If these clues were valid, they seem to make a coherent case for a Norman landing in Combe Haven. Crowhurst Park produced 40000 tonnes of iron ore in Roman times, all processed at nearby bloomeries. The Weald's iron was made into weapons and armour in France. Iron blooms were heavy and awkward to transport over land. It seems likely that Crowhurst Park's blooms were moved onto sea-going ships as directly as possible, which would have entailed dropping them 1.4km downhill to a port in Combe Haven. If there was a Roman port on the banks of Combe Haven - and Clue 12 might be physical evidence of it - the rest of Austin's evidence could form a coherrent narrative as follows. 
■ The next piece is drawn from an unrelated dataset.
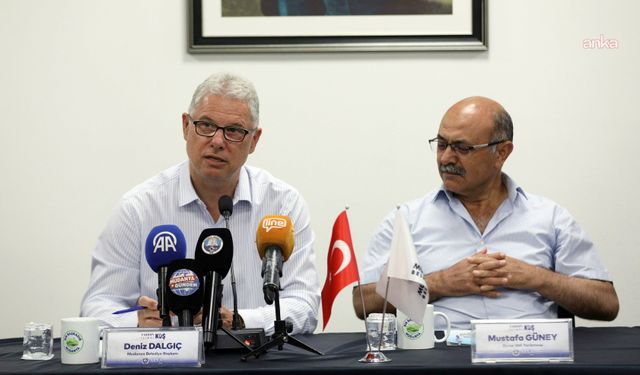 Mudanya'da 'DOCA Tirilye Ultra' için geri sayım başladı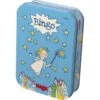 HABA 303699 - Mitbringspiel In Metalldose - Bingo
Heavy freight like iron blooms was moved by ox-drawn cart on hardcore surfaces. This implies there was a metalled road or mining track between the Crowhurst Park bloomery and a Combe Haven port, and Clue 11 might be physical evidence of it. Roman ports, both commercial and military, were defended by Roman legionaries who lived in camps known as castras, and Clue 13 might be physical evidence of one. Former castras were referred to by Anglo-Saxons as 'ceastres'. Hæstingaceastre would have been at the site of one and Clue 13 might be physical evidence of it at Redgeland. This would be consistent with Clue 1 if the viewer was looking from the sea. If Hæstingaceastre was at Redgeland, Hæstingaport was there too. Clue 8 purports to be direct evidence that this was so. The Romans mined out all the ore in the entire region, so Hæstingaport did not ship iron blooms. Instead, it would have shipped the region's other main natural resources: salt, salted herrings, and timber. Clue 3 is an attempt to show that the Combe Haven basin was rich in these natural resources. Clues 6, 7, 9 and 10 try to show that Combe Haven had an important Anglo-Saxon port and a significant Anglo-Saxon settlement.
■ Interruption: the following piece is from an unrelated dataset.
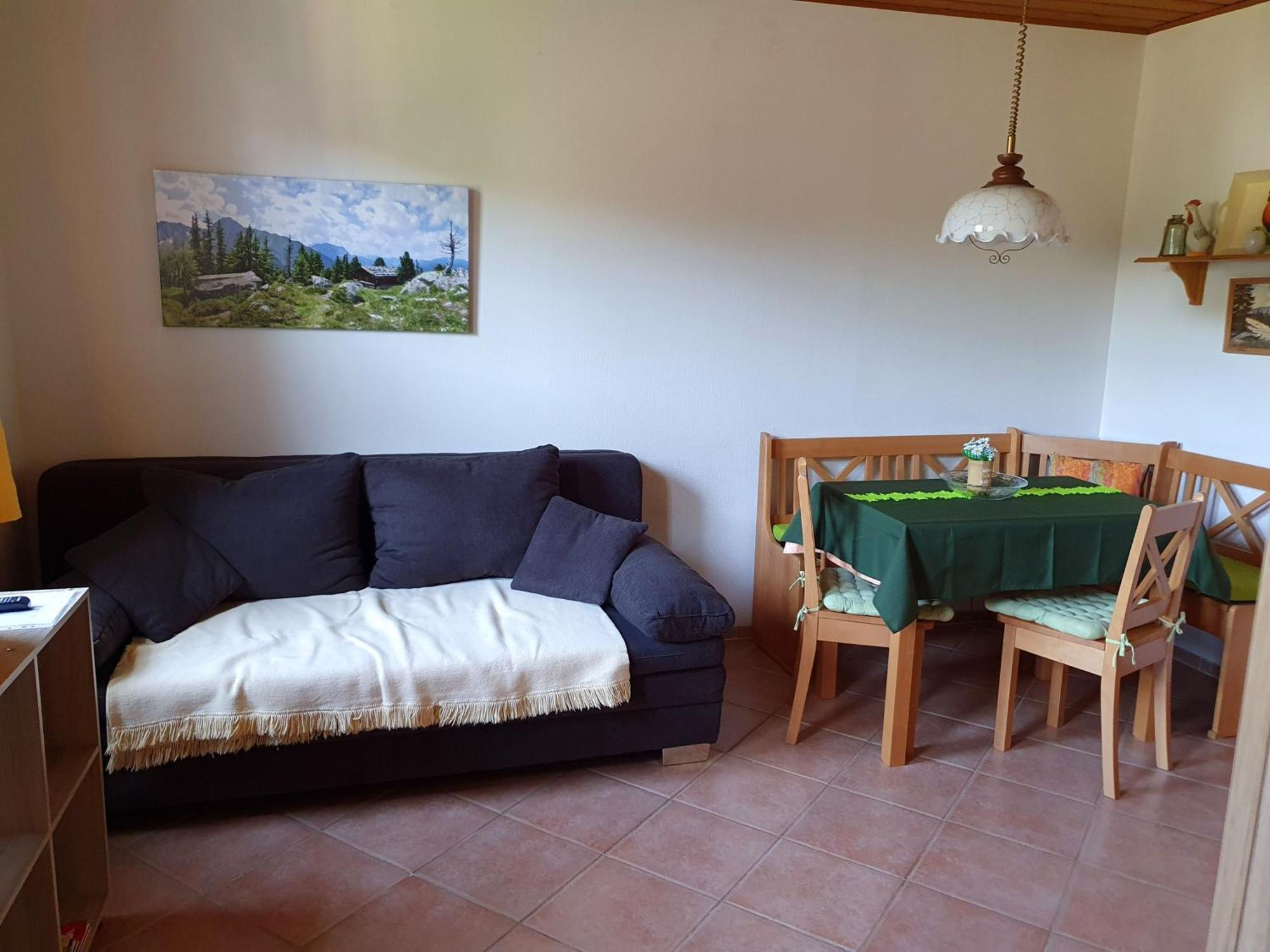 Das Gruene Haus Am Hexenstieg Rubeland Esterno foto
The only other landing site candidate that Austin considered was modern Hastings, the orthodox location of Hæstingaport, Hæstingaceastre and Hastinges. Clues 3, 6, 7 and 9 try to show that modern Hastings did not have an Anglo-Saxon port. Austin rejected the Brede estuary as a landing site candidate, as explained in Clue 10 below, so he also rejected Old Winchelsea as a Hæstingaport candidate. He therefore concludes that Combe Haven is the only Norman landing site candidate and that is consistent with the evidence. 
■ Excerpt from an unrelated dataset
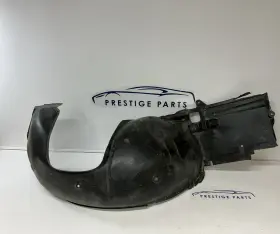 51717036495 BMW Fender Liner Wheel Housing Splash Shield E46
Some flaws in Austin's evidence

Clue 1 is based on Dawson's quirky translation of a passage from Benoît's Chronique des ducs de Normandie, and it is taken out of context. A more accurate modern translation by Ian Short says that the Normans: "Arrived at Pevenesel, at a port [or harbour] beneath a fortress handsome and strong". This no longer suggests that the fortress was in front of the port. Contextually, Benoît was referring to the Norman fleet's arrival off the coast of England rather than to where they landed. Five other acccounts say that the Normans arrived at, or moored off, the English coast within sight of Anderitum at modern Pevensey. There was a harbour at the island of 'pefenes ea', exactly consistent with Short's translation.  

Clue 2 is based on an unreliable note on the back of a JMW Turner painting. There is nothing to substantiate the note's claim and it looks spurious. As far as we know, the origin of the words has never been found. No books or manuscripts are known as the 'Register of Battle Abbey'. It is often assumed that it referred to the 'Chartulary of Battle Abbey' because that book has been hidden away in a private American library for over a century, but we have read it from cover to cover without finding the reference. The author was probably an art auctioneer rather than a historian. It seems likely that he invented the story to inflate the painting's value.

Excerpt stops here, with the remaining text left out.